Downfall of the S.E.C.

The decline of college football’s former kings

Photo courtesy of wikipedia.com via Creative Commons

Photo courtesy of wikipedia.com via Creative Commons

Micheal Barbuti, Author

 

For the past decade it has been of general agreement amongst experts and analysts that the dominant conference in college football has been the Southeastern Conference (S.E.C.). In the last 10 Bowl Championship Series (B.C.S.) National Championships, the winner came from the S.E.C. seven of the ten times. Of the times that the National Champion did not come from the S.E.C. in the last decade, the runner up came from the S.E.C. two out of the three times this occurred.

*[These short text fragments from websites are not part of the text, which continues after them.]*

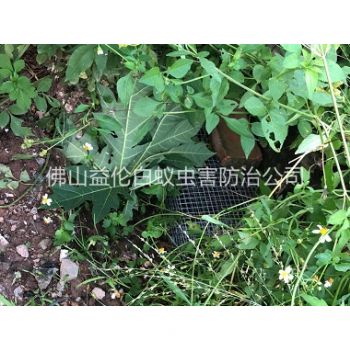 南海住宅区处理蛇患工程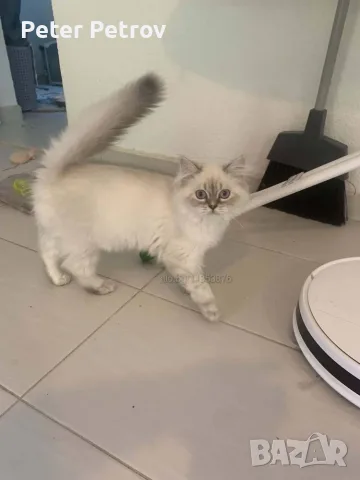 Шотлански котета, снимка 12 - Други - 56529363
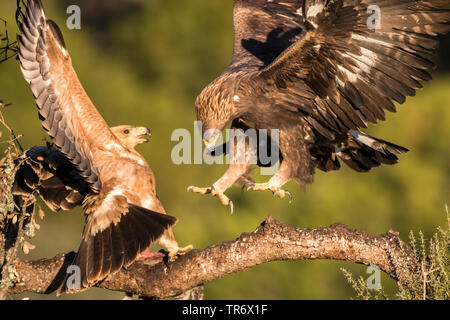 Spanish imperial eagle, Iberian imperial eagle, Adalbert's eagle (Aquila adalberti), fighting young eagles, Spain Stock Photo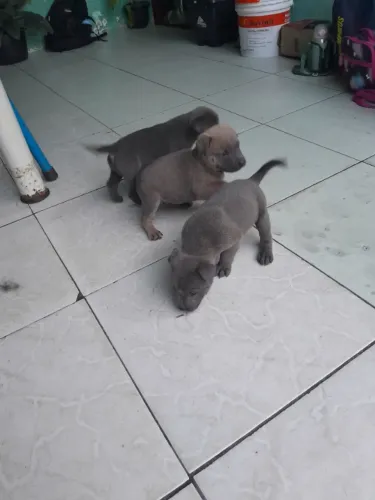 Filhote de chow chow com american buly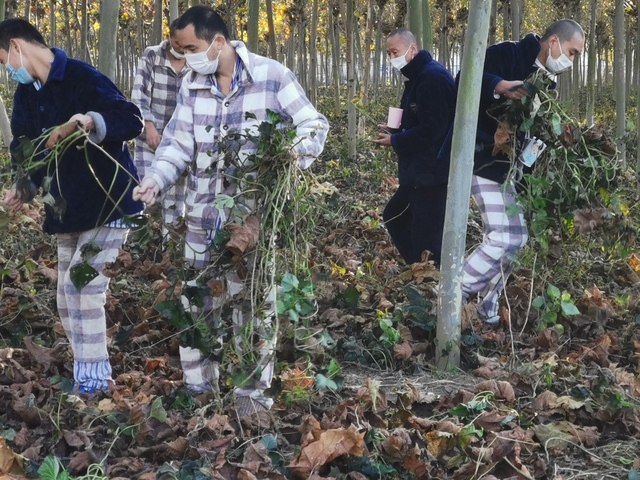 周口精神康复医院农疗基地，让爱心蜜薯更“甜蜜”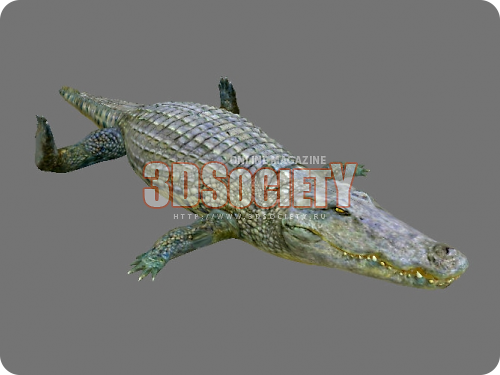 3D модель  крокодил 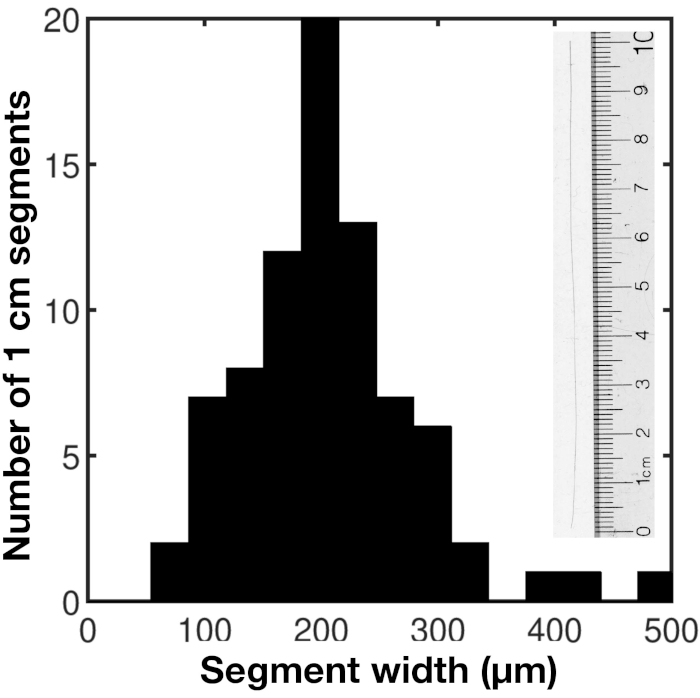 Histogram chart of segment width distribution (µm) with scale ruler, data analysis visualization.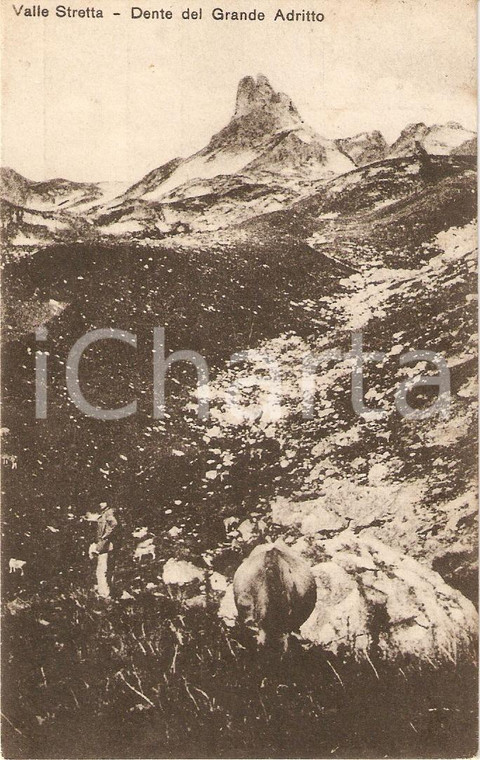 1918 BARDONECCHIA (TO) Dente del Grande Adritto VALLE STRETTA *Cartolina FP VG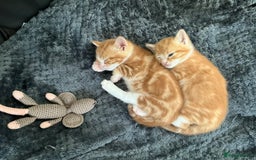 Domestic Shorthair cats for sale: Kittens for sale  - Image 6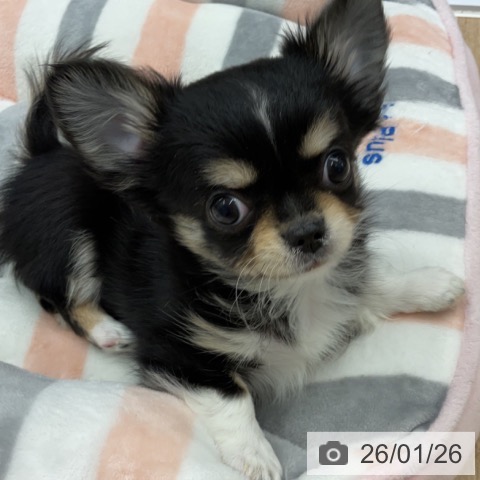 神奈川県のチワワ(ロング) (ペットプラス 天王町店/2025年11月12日生まれ/男の子/ブラックタンホワイト)の子犬の3枚目の画像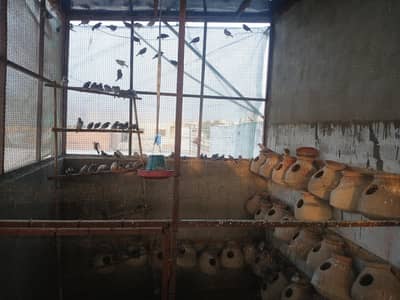 java and budgies cages lovebird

At one time, between the years of 2006 and 2012, the National Champion was from the S.E.C. for seven straight seasons. However, out of the last three years the National Champion has come from the S.E.C. only once, and the majority of this year’s top contenders come from outside of this famed conference (ticketcity.com).

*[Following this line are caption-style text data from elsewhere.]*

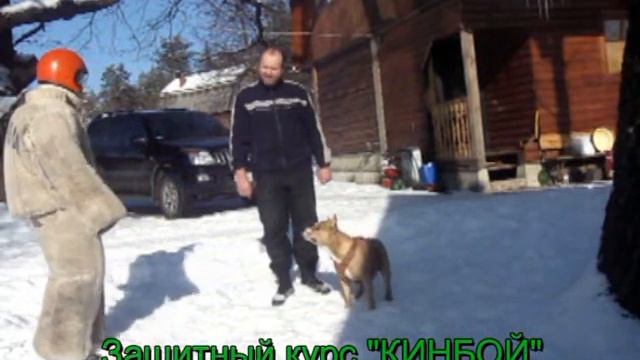 Добрый и спокойный стафорд по доброму и спокойно отсекает нехорошего человека от хозяина. смотреть онлайн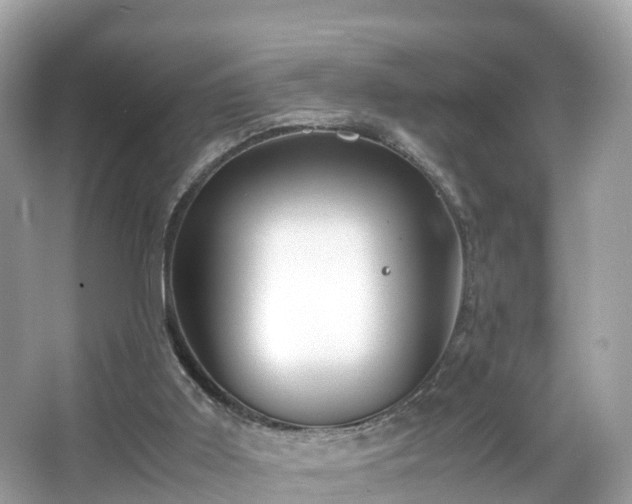 X0000066100011200603131242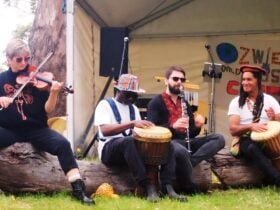 Musicians at Cultured. 2025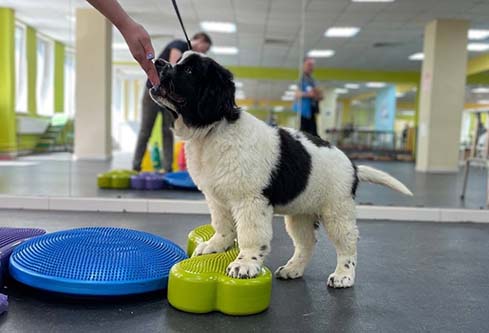 щенок занимается с хендлером, пока владелец на работе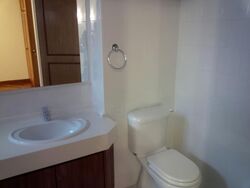 Tanglin Park (D10), Condominium #575735341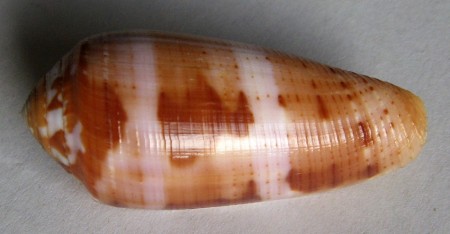 Conus circumcisus, Born, 1778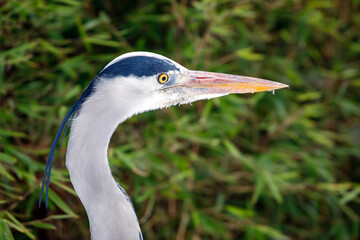 scenic view of beautiful Grey Heron (Ardea cinerea) bird at nature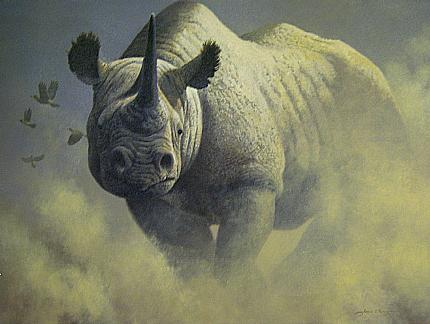 Dustin' Up - Rhino - painting by Adrian Rigby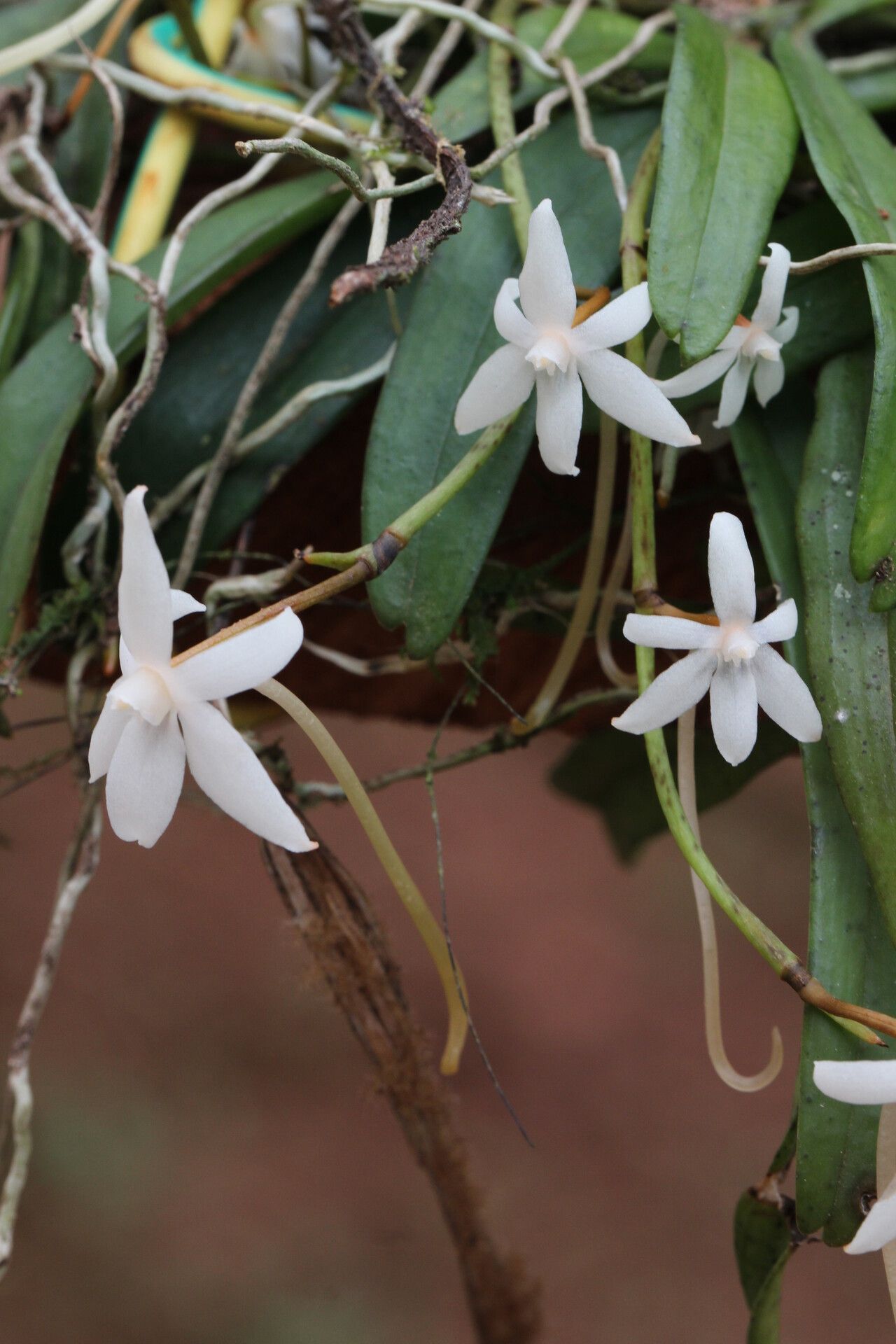 Aerangis calantha flower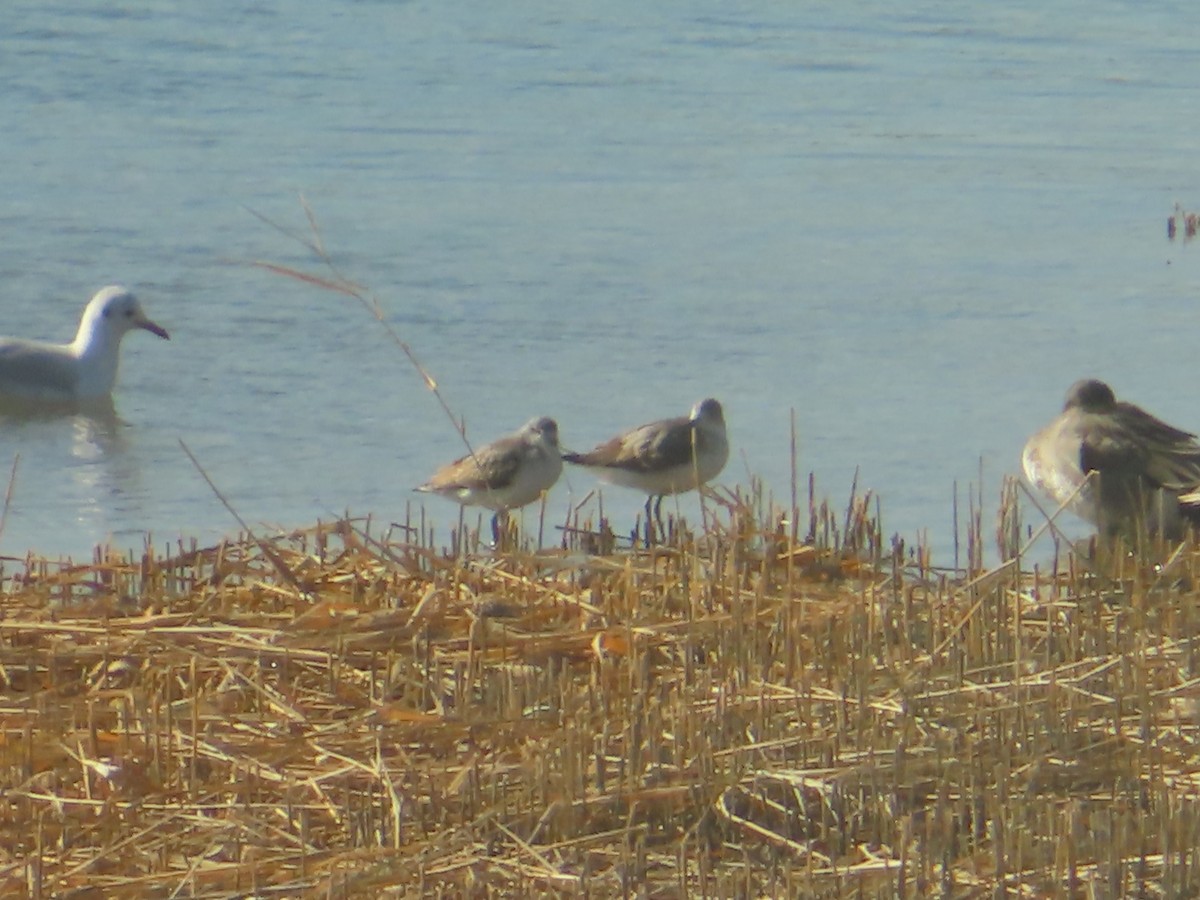 Green Sandpiper - ML646439145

In the Week One Associated Press (A.P.) Top 25 Poll, which is the accepted poll for college football rankings, only one of the top ten teams comes from the S.E.C., #1 Alabama. The University of Alabama is seen as the best football team in the country, and they have reigned supreme over the S.E.C. for nearly four years now. In the last three S.E.C. Championship games, Alabama has won by an average of 27 points (Average calculated from scores listed on secsports.com). This statistic more than any other shows the S.E.C.’s decline as a whole. In previous years the S.E.C.’s Champion has been an even mix of the different teams in the conference. Now it seems that no one can keep up with Alabama.

Another viewpoint on the reason for the S.E.C.’s less than dominant performances on the national stage in the last few years is that the other conferences are merely getting better. Conferences like the Atlantic Coast Conference (A.C.C.), the Big 10, and the Pacific Coast Athletic Conference (P.A.C. 12) are now starting to control the national stage. These conferences have always been right behind the S.E.C., but now it seems that they have overtaken the former rulers of college football.

Sophomore Luke Eiden is of the opinion that the S.E.C. is indeed in decline. Eiden says, “I think they still have the powerhouse teams like Alabama and L.S.U. [Louisiana State University], but the teams that have usually been up there with them have been falling off, like Florida [University] and Ole Miss.” Eiden does also believe that part of the reason is the improvement of other conferences, specifically mentioning the A.C.C..

Another student that is in agreement with Eiden is junior Trent Marchand, however he has different reasons for his belief. Marchand says, “I do believe the S.E.C. is in decline because the players that go professional rarely live up to their illustrious college careers and potential recruits of these schools are starting to notice that.” Marchand also cites the fact that “many of the coaches in the S.E.C. are getting fired” for why recruits are starting to turn away from the S.E.C..

Regardless of the reason it is clear that the S.E.C. is not the same as it was, the recent rankings and results of the conference prove that. College football has entered a new era, one not overshadowed by the power of the S.E.C.. The question now is who will be the ones to take their place?